Contre la fraude bancaire, et dans le cadre des obligations de lutte anti-blanchiment, les banques ont des obligations de précaution, parfois agaçantes pour les particuliers qui y voient une sorte d’inquisition (« d’où vient votre argent? ») ou une restriction à l’utilisation de leurs moyens de paiements (paiements par carte inhabituels parfois bloqués). Étrangement, certaines banques se montrent bien moins prudentes avec leurs clients professionnels, en particulier pour des transferts importants inhabituels d’entreprises victimes de fraudes « au faux président ».
L’affaire qui nous occupe illustre le décalage entre les procédures strictes imposées aux banques, et leur réalité souvent plus désinvolte. Elle rappelle la vigilance dont chacun doit faire preuve, dans sa vie privée comme professionnelle, pour esquiver les tentatives d’escroqueries par ruses et usurpation d’identité, facilitées par l’anonymat d’Internet et des télécommunications.

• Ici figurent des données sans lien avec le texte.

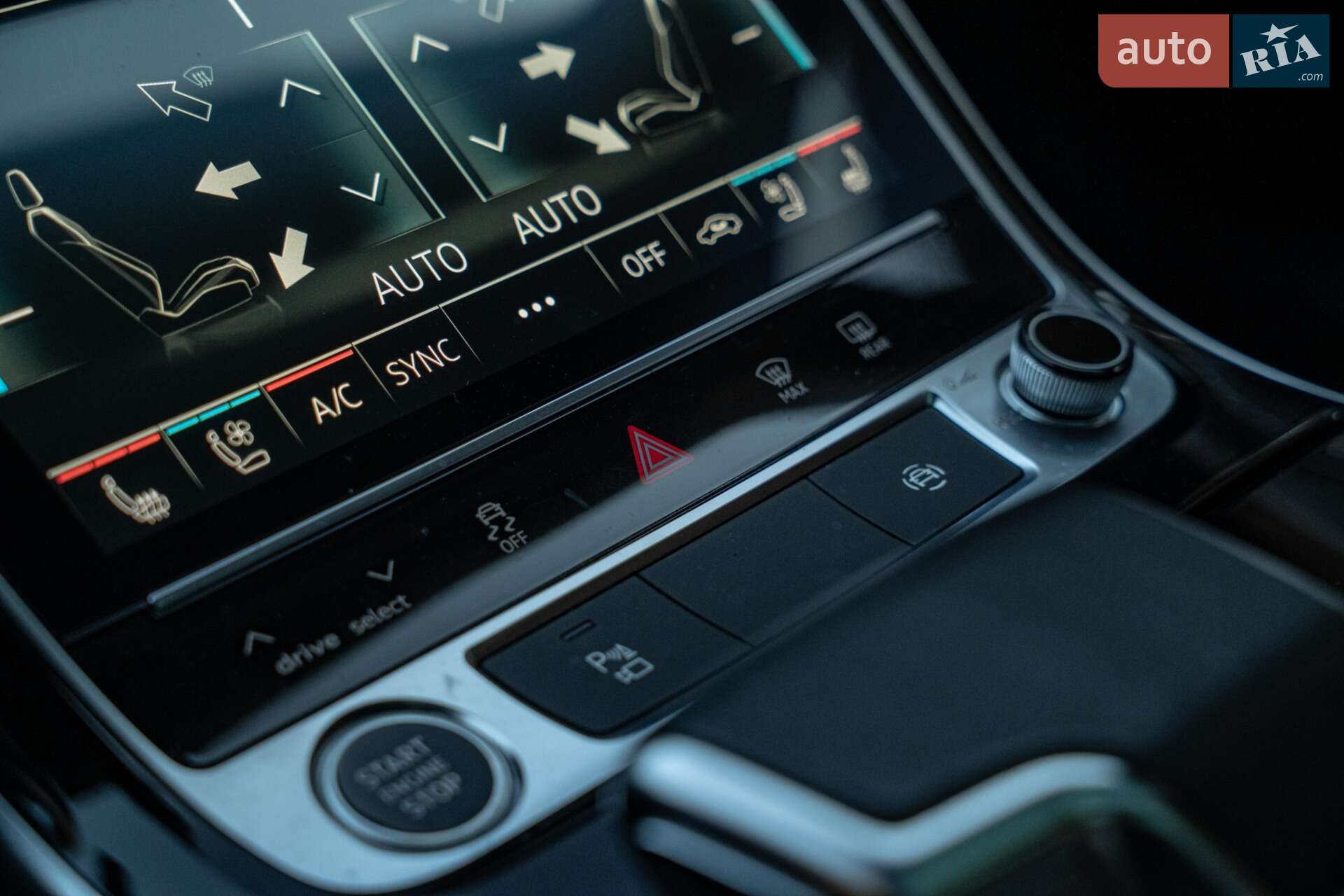 Audi A8 2021 VIN WAU8DAF81MN011833 фото оголошення 51 з 77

Si la prudence de tous est essentielle, le jugement de cette fraude pointe aussi la responsabilité spécifique des banques, vis-à-vis de leurs clients et de leurs obligations de lutte anti-blanchiment.

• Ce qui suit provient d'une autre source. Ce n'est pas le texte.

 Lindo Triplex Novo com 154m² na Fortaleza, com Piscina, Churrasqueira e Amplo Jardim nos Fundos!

Si vous n’en avez jamais entendu parler, la « fraude au président », ou plus précisément au « faux président », est une arnaque assez simple en apparence : des escrocs usurpent l’identité d’un dirigeant d’entreprise pour extorquer à ses subalternes des transferts d’argent, souvent sous prétexte de financer une soi-disant opération financière ultra confidentielle requérant la plus grande discrétion. En pratique, il ne suffit pas d’avoir un bagout de bonimenteur pour emporter le butin. Les escrocs mêlent des méthodes de contre-espionnage, des compétences de hackers (piratage informatique) et de blanchiment d’argent criminel pour arriver à leurs fins.

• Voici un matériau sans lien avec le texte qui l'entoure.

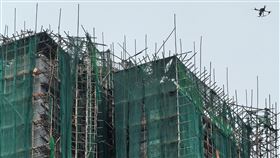 宏福苑大火後　港府勒令全港棚網下架檢測香港大埔宏福苑大火慘劇發生後，由於有證據顯示部分棚網在阻燃檢測方面有造假情況，港府勒令所有在維修之中的大樓棚網全部下架；圖為宏福苑在大火後殘存的棚網。中央社記者張謙香港攝　114年12月4日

De plus en plus d’entreprises tombent dans le panneau et se font ainsi plumer des millions. Depuis 2010, des PME ou multinationales françaises se seraient ainsi fait dévaliser près de 300 millions d’euros, selon Le Figaro. Parmi les cas emblématiques, le groupe Michelin s’est fait délester de 1,6 million d’euros, selon LeParisien.fr, tandis que Seretram, qui met en boîte le maïs Géant Vert dans les Landes, s’est fait siphonner 17 millions d’euros. L’arnaque n’est pas nouvelle, même les comptables de l’Elysée auraient failli se faire avoir de 2 millions d’euros en 2011, selon l’article de notre confrère Thierry Fabre dans Challenges titré « Menace sur le CAC 40 : les nouveaux escrocs pêchent au gros ».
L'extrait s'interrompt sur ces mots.